Absolutely (Ice) Cream Crackered

Now, I know that having a baby face and youthful looks is admired by older generations. However, still looking thirteen when you’re twenty-one has many pitfalls and though, as my mum’s friends keep telling me, I will appreciate it in the future, at the moment it is right pain in the arse.

Baby faces have always been admired – Danny Jones was always the favourite in McFly with his chubby cheeks and young boyish charm, though I was more of a spiky hair Harry fan. Similarly, a boy in my form at school was swooned over for his chubby cheeks, freckles and baby face throughout Year 9. However, being struck with the curse, I do not see the benefits and it has caused me more trouble than it’s worth. If I forget my ID anywhere I am unlikely to get served a Fireman Sam DVD let alone Sambuca.

I first realised I had been hit by the young looks charm at the Trafford Centre when I attempted to buy two DVDs that were rated 15 as I had just crossed into this age barrier. I strolled up to the desk at HMV, holding on to my first stand up DVDs and watched as they had scanned through. I felt grown up and I was dressed as grown up as I could muster but my face didn’t past the test.

“Have you got any ID on you?”


“You need ID. They’re 15’s”

“But I am 15?”

“Yes, but I still need to ID. Have you got your driver’s licence or something?”

“No, I’m 15, obviously I don’t”

“Okay, how about a passport then?”

“I came to the Trafford Centre, not the South of bloomin’ France. Of course I don’t”

“Well then, I’m afraid you’ll need to get a parent”

“Aye, I’ll make sure she grabs her birth certificate on the way”

And with that I had to walk out and leave the DVDs reserved at the desk. I was humiliated, embarrassed and disappointed – I couldn’t even buy a stand up DVD, I was hardly going to go on any illegal raves with fake ID anytime soon. With my tail between my legs I went to find my mum in ASDA, who had just finished paying for her batch of red wine with her gas bill and tenancy agreement.
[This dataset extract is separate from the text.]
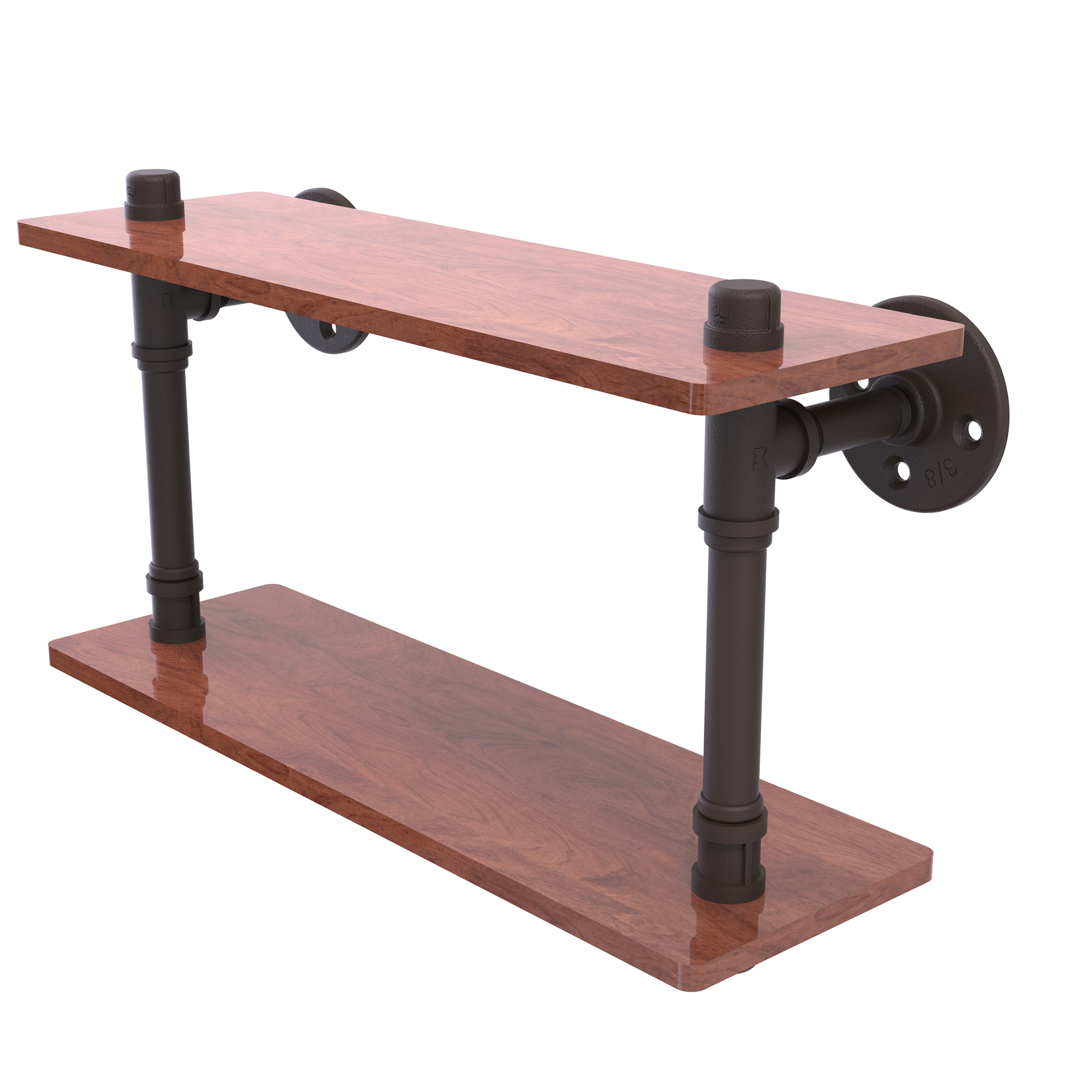 16" Ironwood Double Shelf, Oil Rubbed Bronze Finish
I wasn’t done with the battle of youth yet. My next episode has become family famous for what happened. It all started with a shopping trip – Debenhams, Top Shop, W H Smith, New Look, Next. We’d visited them all and decided to treat ourselves to an ice cream. Not just any ice cream, not even an M and S ice cream. We headed straight to Thorntons with our Christmas Shopping in tow and pulled up at the ice-cream counter.

“Erm, can I have two scoops of Rum and Raisin in a cone please?”

“Do you have any ID?”

“Pardon. I’m 18”

“You’ll still need ID for the Rum and Raisin”

“What? It’s just ice cream”

“I know but it has rum in it. You’ll need ID”

“That’s ridiculous. How many people get bladdered off ice cream? I’m not going to be drunk and disorderly. No police man is going to ask me how many ice creams I’ve had”

“I’m sorry, Miss. It’s company policy”

“But that’s silly. How many ice creams do you have to have to be off your face? I’ve never heard something so silly”

“So do you have ID?”


“Anything else you’d like? Chocolate? Honeycomb Crunch? Strawberry? Cookies and Cream?”

I settled for honeycomb crunch in the end but no one ever believes that I was ID’d for ice cream. It still remains the most ridiculous thing I’ve ever heard and it never fails to make people laugh. Not many people end up at Alcoholics Anonymous for Rum and Raisin ice cream. Though I must say my young looks work a charm in some situations and could even be classed as a bonus. I can still sometimes get classed as a teen on the bus or on the train, I could sometimes sneak by on child’s ticket until the age of fifteen and now I still get classed as student everywhere I go, with or without a student card. So these big cheeks do save me a fortune but they still make me humiliated and embarrassed at times.

Not long ago, I was with three friends who were buying alcohol in Tesco at a self-service machine and the lady came over when cued by the flashing red light atop of the machine that still didn’t think we’d placed anything in the bagging area.

Can I see your ID please?” the shop assistant asked.

No, I don’t need yours” she said to two of my friends, “just yours and yours”. I was already prepared.

That’s great, thank you! See you can never tell. I’d have passed you” She said looking at my friend. “And you” she said to my other friend. “And probably you” she nodded in another friends direction. “It was just you really” she said looking towards me.